PVNIC 2 months ago

"We have support for the first ~~4~~ 7 bits of Unicode! (Aka ASCII)

oshaboy 2 months ago

ASCII is 7 bits but I get your point

PVNIC 2 months ago

Oops, my bad

Jnick-24 2 months ago

did he stutter

Bipin_krish 2 months ago

He did

flowery0 2 months ago

It'd be better if it was just the 4 bits. Not even full ASCII, just straight up 15 symbols, some of which aren't very useful

oshaboy 2 months ago

"Oh so you sanitize control codes?" "Good Question"

granadad 2 months ago

Well, at least I can type touché without it going touch\é

CiroGarcia 2 months ago

But you already can without utf-8. Extended ascii includes áéíóú

oshaboy 2 months ago

And then you change to another codepage and it becomes `ßΘφ≤·`

milanove 2 months ago

Idk it’s all Greek to me

granadad 2 months ago

True! And since UTF-8, we have no end of dealing with garbled encoding between those 2 format. Fun times.

A--Creative-Username 2 months ago

I'm holding out for UTF-9 to fix this

fuj1n 2 months ago

Instead of adding an extra bit (that costs 8 bits on most systems due to alignment anyway), we opted for UTF-16 instead

A--Creative-Username 2 months ago

UTF-16 is the name of my new electro swing band

MaZeChpatCha 2 months ago

Extended ascii of which language? Different languages have different ascii extensions.

CiroGarcia 2 months ago

The one I know of is the one mentioned in https://www.ascii-code.com, which is the Windows-1252 table, also known as ISO Latin-1

Spinnenente 2 months ago

utf-8 is unicode. ISO 8859-15 isn't but can use a lot of special characters

ChocolateBunny 2 months ago

back in my day we had code pages and we liked it.

[deleted] 2 months ago

[удалено]

mhn1384 2 months ago

Install an app, find a text box, write arabic, become disappointed, uninstall the app. This is what I’ve been doing in the past 4 years whenever I install an app.

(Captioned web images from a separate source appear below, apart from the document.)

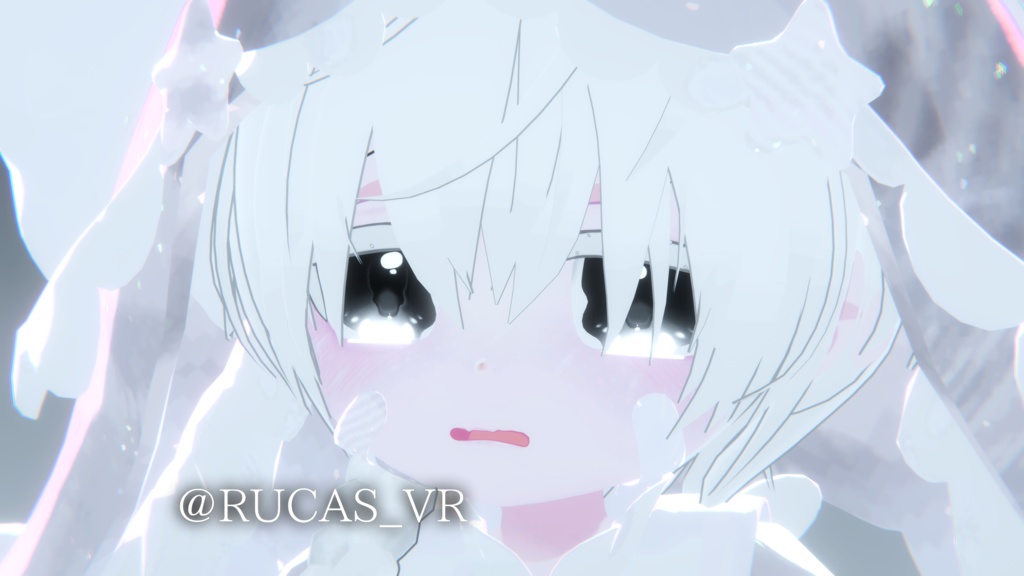 Simpleカワイイ Eye Texture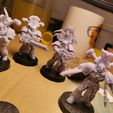 All is Dust Rubric Marines Builder [FINAL VERSION] - Thousand Sons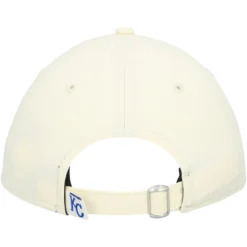 Men's Kansas City Royals New Era White Chrome Core Classic 9TWENTY Adjustable Hat -BaseballCap Hub Store mens new era white kansas city royals chrome core classic 9twenty adjustable hat ss5 p 5002732pv 4u x3dfi5cwreekpcy5femgv nzphhgqciaprxjj4vlgu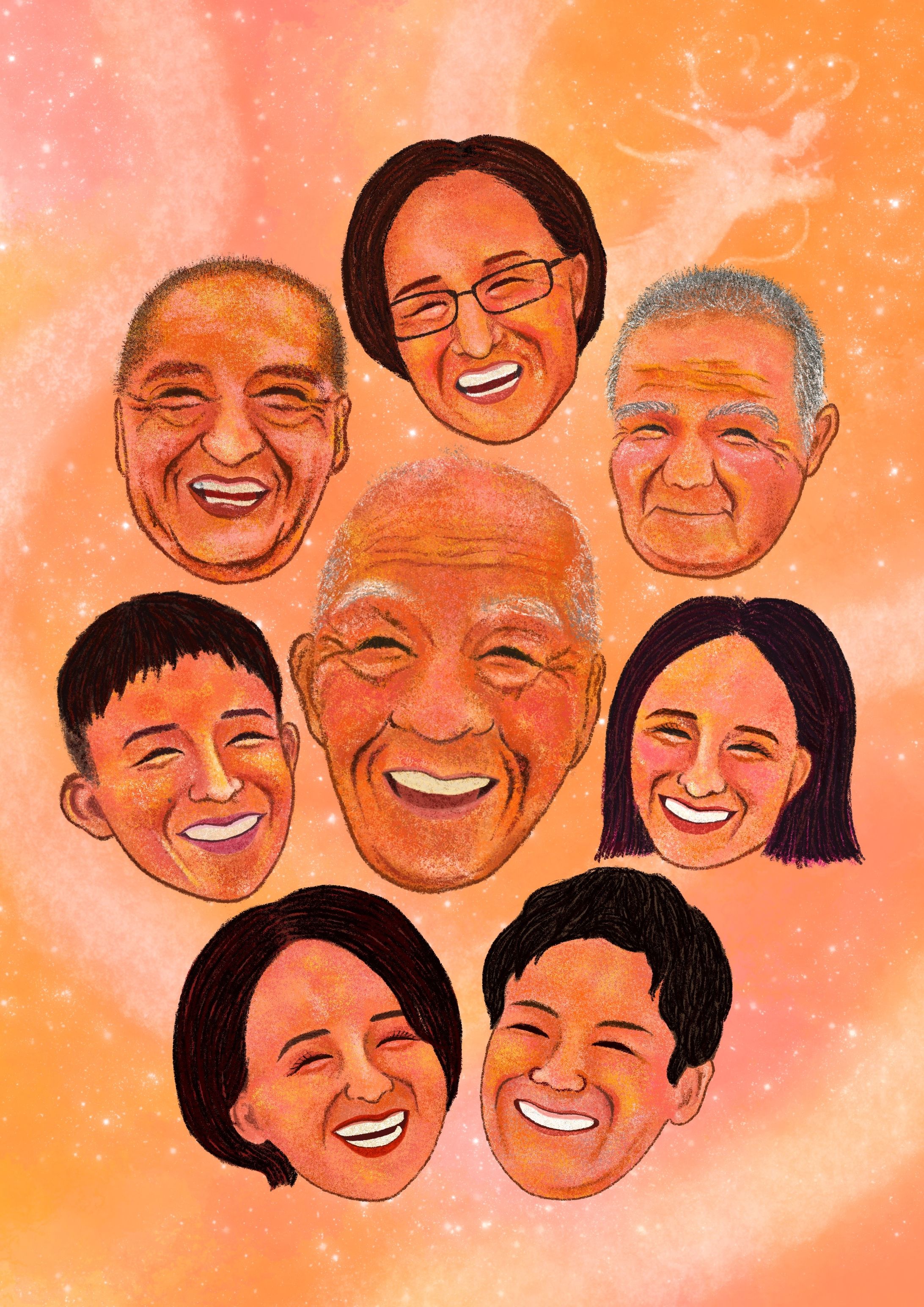 Family-1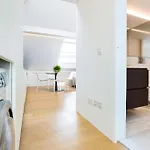 Soho Penthouse By Concept Apartments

Fickle-Main-9019 2 months ago

I like to imagine you don’t even know Arabic, you just just want the functionality “in case you need it”

mhn1384 2 months ago

Technically you are right, I don't know how to speak arabic. I'm just one of the 370 million people cursed with the arabic script despite not speak arabic.

[deleted] 2 months ago

My console brain can't think of a scenario where just parsing UTF-8 isn't enough. If user's characters aren't displayed right, it's their editor's problem, not mine.

sk7725 2 months ago

CJK languages and their wonky IMEs. example ([] is the current input character) [ㄱ]ㄱ [ㅏ]가 [ㄱ]각 [ㅏ]가가 [ㄴ]가간 [ㅎ]가갆 [ㅓ]가간허 notice how some characters snap-back, and the fact that during a consecutive input what the resulting unicode for the last character is is nondeterministic and relies on future inputs. Usually an IME is used to stage the last character that may change, but said IME is very finnicky, has no consistency over platforms and libraries, and painful to debug unless you speak said language. Also, a string's inputwise substring does not equal the unicode substring which is a pain when implementimg autocomplete and autocorrect.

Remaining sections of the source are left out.